Potato consumption in the U.S. has been down quite a bit since the dawn of the Atkins and other low-carb diets. Meanwhile, consumption of quinoa has skyrocketed. I find this slightly amusing since together, they are two of the three were dietary staples of the Inca people, originating in the highlands of Peru and Bolivia. (The other is corn).
Quinoa is now considered a superfood, hailed for being high protein and gluten free. Potatoes are also relatively high in protein. They, too, are gluten-free. In Incan cuisine, quinoa and potatoes are very commonly eaten together. And yet many health conscious Americans still consider potatoes a food to avoid, shunned potatoes as if they were the vegetable equivalent of Wonder Bread ™. Not true!
Disclaimer: Terra Firma grows potatoes. We don’t grow quinoa. So I might be considered slightly biased here. That said, I do eat and enjoy quinoa regularly.
Yes, I know potatoes contain carbohydrates. But they don’t deserve to be lumped in with white bread, white rice, sugar, soda and all the other nutrient-empty foods that do little more than inject sugar into your blood through your mouth. They are a vegetable, a whole food with natural vitamins, minerals, fiber and protein.

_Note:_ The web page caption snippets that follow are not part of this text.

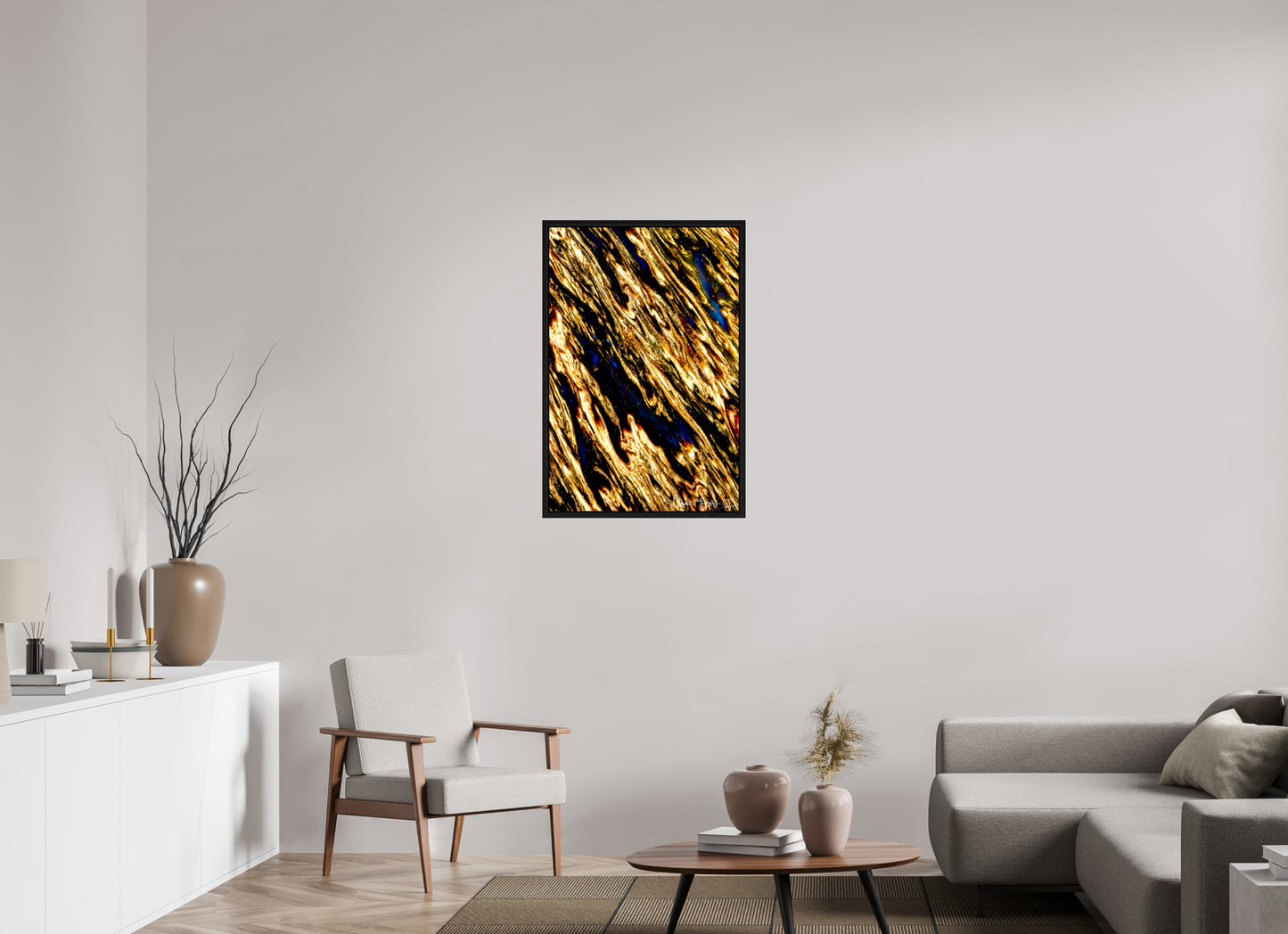 24 x 36″, Floater Frame Black Oak Gilded Permeation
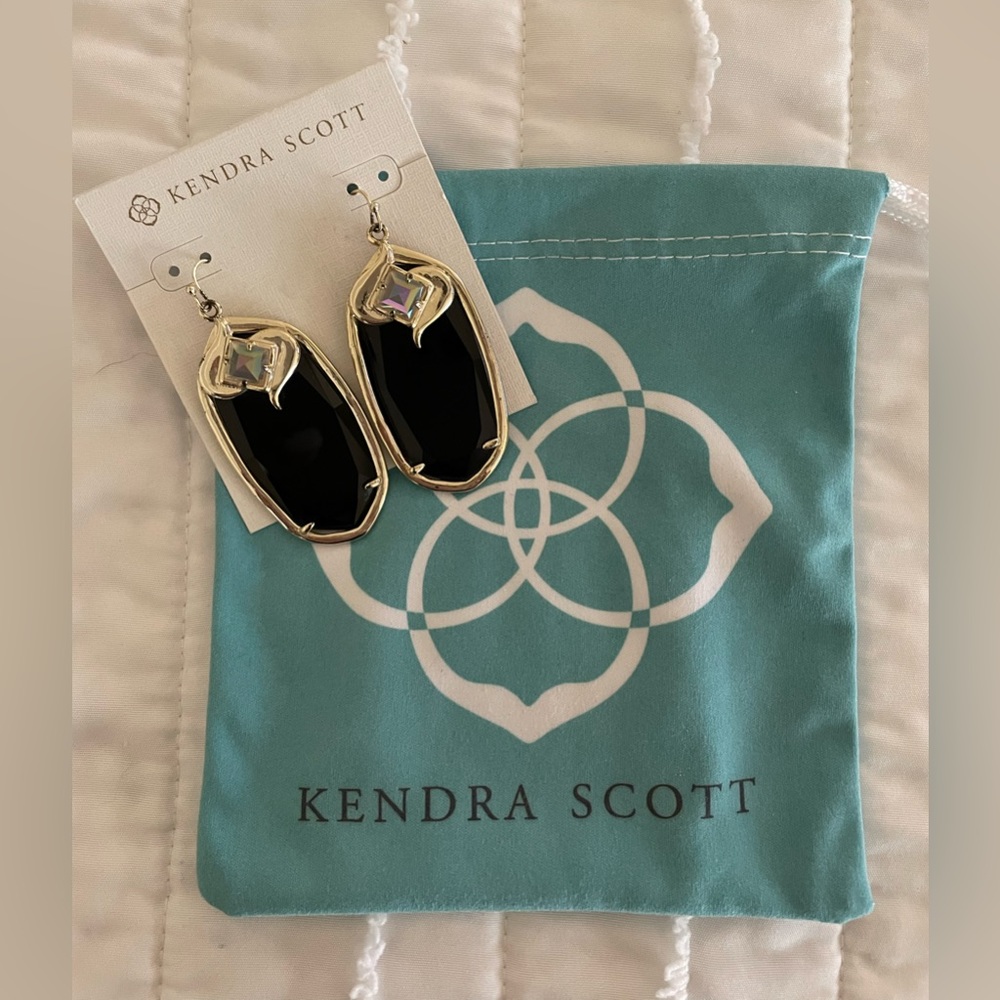 Kendra Scott Black Danielle Gold Tone Earrings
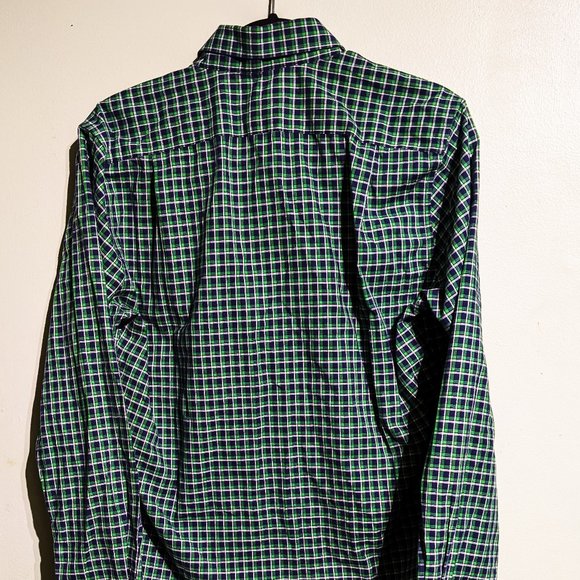 L.L. Bean shirt, white with blue green check pattern, men's size medium - Picture 8 of 9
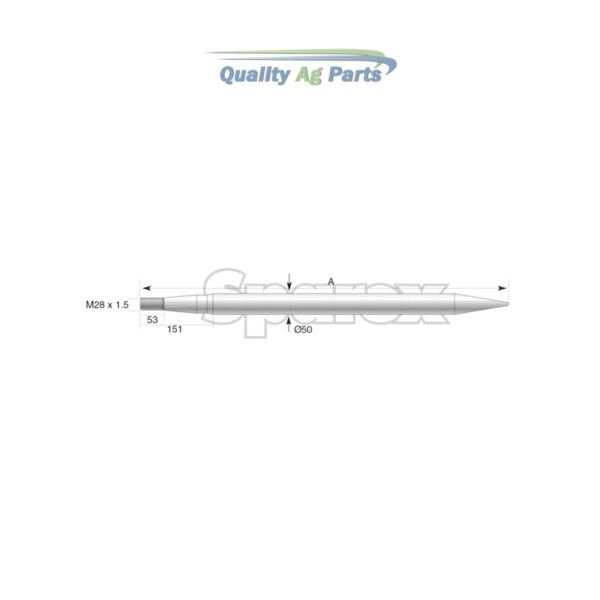 Loader Tine - Straight 815mm, Thread size: M28 x 1.5 (Round)   To fit as: 1000825 - Image 4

Eaten in moderation, healthfully prepared potatoes are a beneficial addition to almost anyone’s diet: boiled, baked, roasted, sauteed. Unfortunately, the majority of potatoes consumed in the U.S. are deep fried and eaten as fries or chips. And even if they are not, they are often smothered with unhealthy amounts of cheese, butter, or sour cream.
I say, stop blaming “the Other Andean Superfood” for the unhealthy ways in which many Americans choose to eat them.
There is one important difference between the two staple Andean foods: Quinoa is difficult to grow in the U.S., so most of it is imported. Many of the Peruvian and Bolivian small farmers who grow it can no longer afford to eat it due to the high price caused by demand from global health gourmands. But potatoes, grown in most states of our country, are readily available almost year-round from local farmers and relatively affordable in comparison.
Potatoes deserve to be part of a healthy plant-centered diet, and they are an important part of our CSA boxes year round at Terra Firma.